Published online by Cambridge University Press: 09 August 2023
Even though the TTIP negotiations have run aground, the reasons that motivated them and those that caused their demise can be instructive. Although the TTIP negotiations had a number of features that made them distinctive, with care, valuable lessons can be drawn for future trade negotiations. These lessons are arguably particularly relevant for the United Kingdom as it negotiates its departure from the European Union and embarks on its own trade policy agenda. By way of conclusion, therefore, this chapter identifies those key lessons.
The chapter begins by specifying the reasons for caution in drawing lessons from the TTIP negotiations and setting out why doing so is still appropriate. It then rehearses the main conclusions from the preceding chapters on the motivations for, and the impediments to, reaching an agreement. It wraps up by applying these lessons to the UK’s incipient trade policy.

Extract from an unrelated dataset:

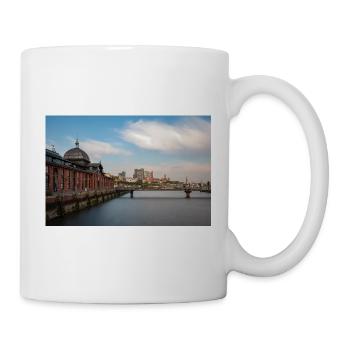 Salle historique des ventes aux enchères de poissons à Hambourg - Mug blanc - blanc - Droite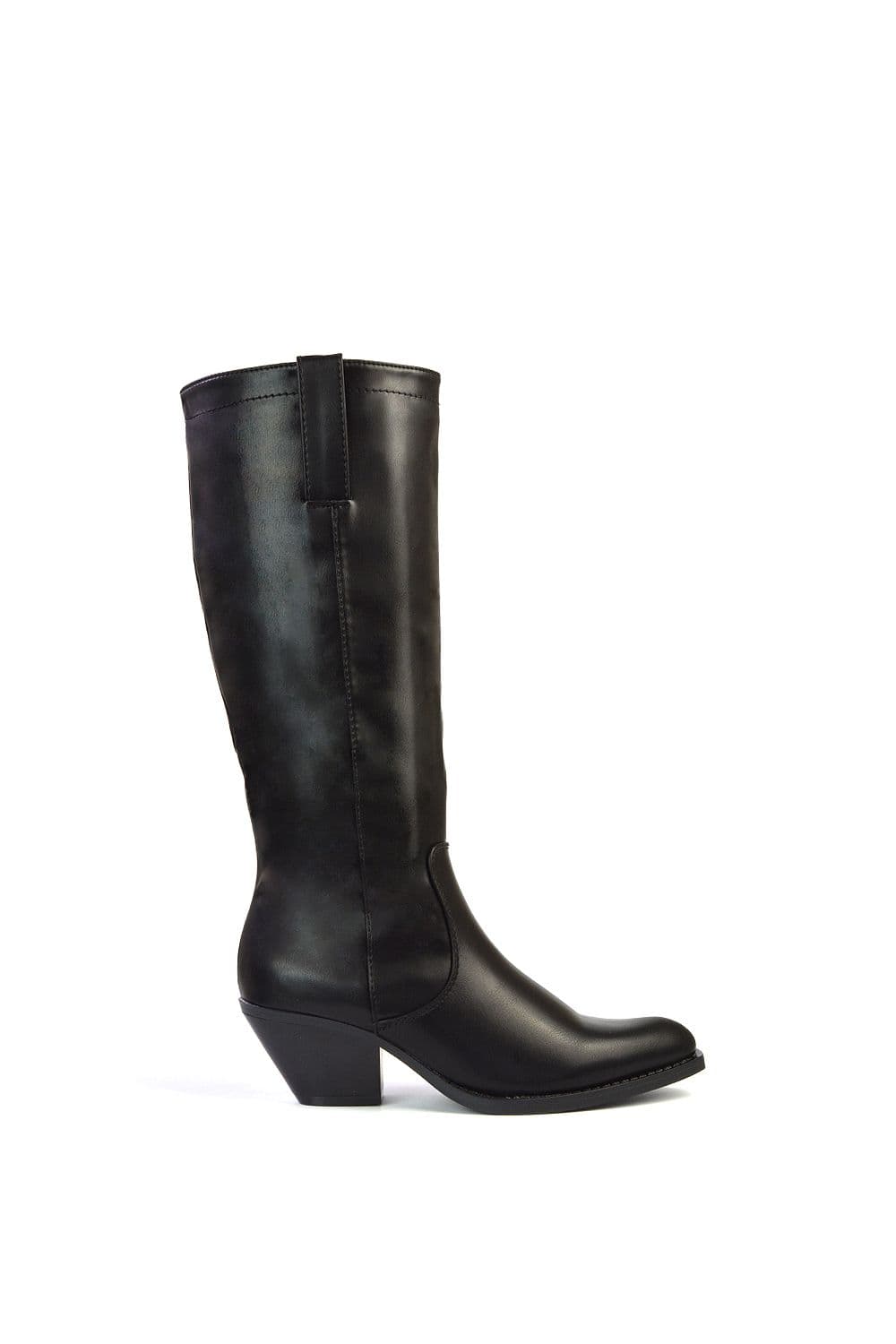 'Fleur' Western Knee High Cowboy Boots With Block Heel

Causes for care when drawing lessons
As this book has made clear, the TTIP negotiations were unique for a variety of reasons. They sought to integrate the world’s two largest economies. As a consequence, they represented the first time that either the EU or the US had negotiated a bilateral trade agreement with a nearpeer. Both had been used to negotiating with smaller trade partners, with whom they could be more confi dent about dictating terms, or at least avoiding particularly painful concessions. The prospect of meaningful concessions and the promise of improved access to a very large market raised the stakes for both the EU and the US. The aspiration to agree rules that would become global benchmarks only heightened the salience of the negotiations. The TTIP negotiations, therefore, had far more riding on them than any other bilateral trade negotiations and many plurilateral talks.
A second distinctive feature of the TTIP negotiations was that they were motivated by the unusually high degree of interpenetration between the two economies. As discussed in Chapter 2, the transatlantic economic relationship is built on FDI as much as, or more than, on trade.